A man strolls past a stock board outside a securities firm in Tokyo, Japan, Monday, Sept. 29, 2008. The benchmark Nikkei 225 index fell 149.55 points, or 1.26 percent, to 11,743.61 after spending the morning in positive territory. (AP Photo/Junji Kurokawa)
LONDON – European stock markets rose Tuesday ahead of Wall Street's open as interbank lending rates continued to decline. Asian stocks were mixed.
The FTSE 100 index of leading British shares was 41.44 points higher, or 1.0 percent, higher at 4,324.11, while Germany's DAX was up 41.63 points, or 0.9 percent, at 4,876.64.
France's CAC-40 index of leading shares rose more strongly after the French government said it would inject a total of euro10.5 billion ($14 billion) into the country's six largest banks by year-end to help counter the effects of the global financial crisis. The CAC was up 81.08 points or 2.4 percent, at 3,529.59, with banks in demand. BNP Paribas SA was up 8.6 percent, Societe Generale SA 11.4 percent and Credit Agricole SA 12.4 percent.
Europe's gains follow the 3.3 percent advance on Japan's benchmark Nikkei 225 index and the 413.20 point, or 4.7 percent, jump in the Dow Jones index Monday to 9,265.43.
However, futures indicated the Dow is expected to give up some of those gains when it opens Tuesday on profit-taking and unease about the health of some major U.S. corporations. Among the companies reporting Tuesday are Caterpillar Inc., Apple Inc., DuPont Co. and Pfizer Inc.
Stock markets overall though continue to be buoyed by the fall in interbank lending rates as they may presage more stable conditions across all the financial markets. "There's a slow trickle of good news coming through, notably with lower Libor rates, but we're not out of the woods yet," said Richard Hunter, a strategist at Hargreaves Lansdown.

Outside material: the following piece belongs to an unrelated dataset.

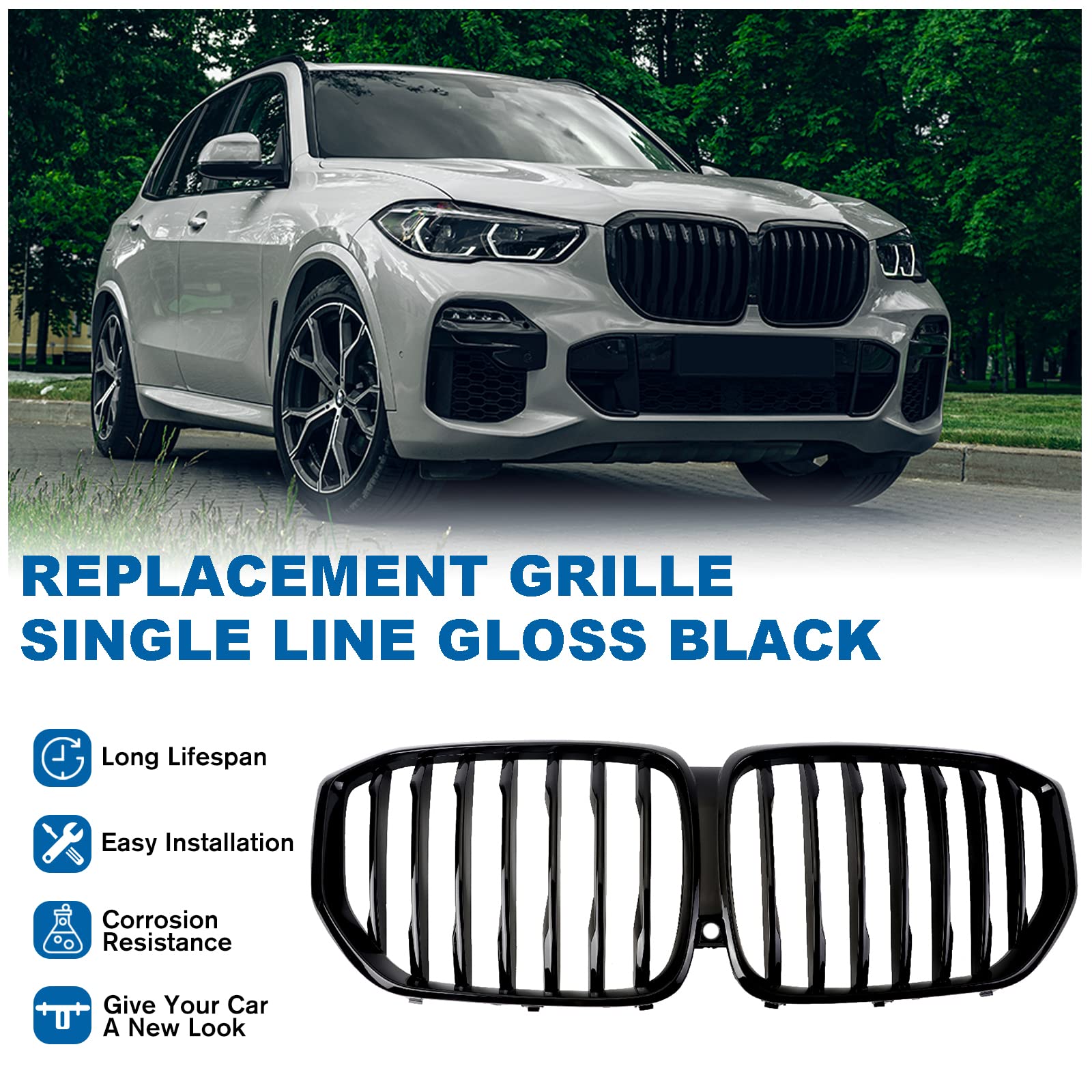 BILLDIO Front Grille Grill Single slats Compatible with 2019 2020 2021 2022 2023 X5 G05(Glossy Black Kidney Grill)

Figures released Tuesday show that the lending rates between banks in the U.S. and Europe have dropped to the lowest levels in over a month as credit markets continue to improve.
The rate on three-month loans in dollars has slumped 0.23 percentage points to 3.83 percent. The so-called European Interbank Offered Rate for three-month euro-denominated loans has fallen 0.03 percentage points to 4.968 percent. That is the first time the euro rate has dipped below 5.00 percent since Sept. 18, when it shot higher after Lehman Brothers collapsed.
Overnight, the Hong Kong interbank offered rate, also known as Hibor, for three-month loans continued to slide too, falling from 3.66 percent to 3.35.
Abnormally high interbank lending rates have been a sign of distress in credit markets and been the catalyst for the crisis in the financial markets over recent weeks. High interbank rates can choke off credit to businesses and individuals, hurting the economy.
With Libor rates declining, the focus of attention is shifting from the banking crisis to the economic fundamentals around the world.
In Britain, for example, figures earlier showed that gloom in the maufacturing sector was at its lowest level since 1980. The Confederation of British Industry revealed that its quarterly business optimism balance slumped from minus 40 in June to minus 60 in October.
"To put this into context, the last time manufacturers felt this gloomy was during a period when manufacturing output fell by 16 percent," said Paul Dales, UK economist at Capital Economics.
As a result, there is growing talk that policymakers in Britain will have to act fast to support the real economy. The government has spoken of further loosening the purse strings, while the Bank of England may be forced to cut interest rates aggressively.
There are hopes too that the depth of the U.S. recession may be mitigated by another fiscal stimulus after Federal Reserve Chairman Ben Bernanke said Monday that additional steps might be needed.
In Asia earlier, Japan's Nikkei rose 300.66 points, or 3.34 percent, to close at 9,306.25, marking the third consecutive day of gains.
While shares in most other countries moved higher, several key stock measures sold off early gains to close in the red. Hong Kong's Hang Seng Index lost 1.84 percent, Shanghai's benchmark fell 0.8 percent and South Korea's index shed about 1 percent.
Hong Kong's benchmark was dragged down after conglomerate Citic Pacific Ltd. warned that it could faces losses of more than HK$15.5 billion (nearly $2 billion) after a top executive made unauthorized bets against the U.S. dollar.
In Australia, the main index gained 3.9 percent after the country's central bank chief said he believed coordinated global action to tackle the financial crisis had helped to avert a worldwide catastrophe. Resource giant Rio Tinto helped lead the way, soaring more than 12 percent.
Elsewhere, crude oil prices fell US1.29 to $72.96 a barrel Tuesday on profit-taking after Monday's gains on expectations that OPEC will try to halt a three-month slide in prices by cutting production quotas at least 1 million barrels a day.
The dollar fell 0.8 percent against the yen to 100.97 yen. The euro weakened 0.9 percent to $1.3218.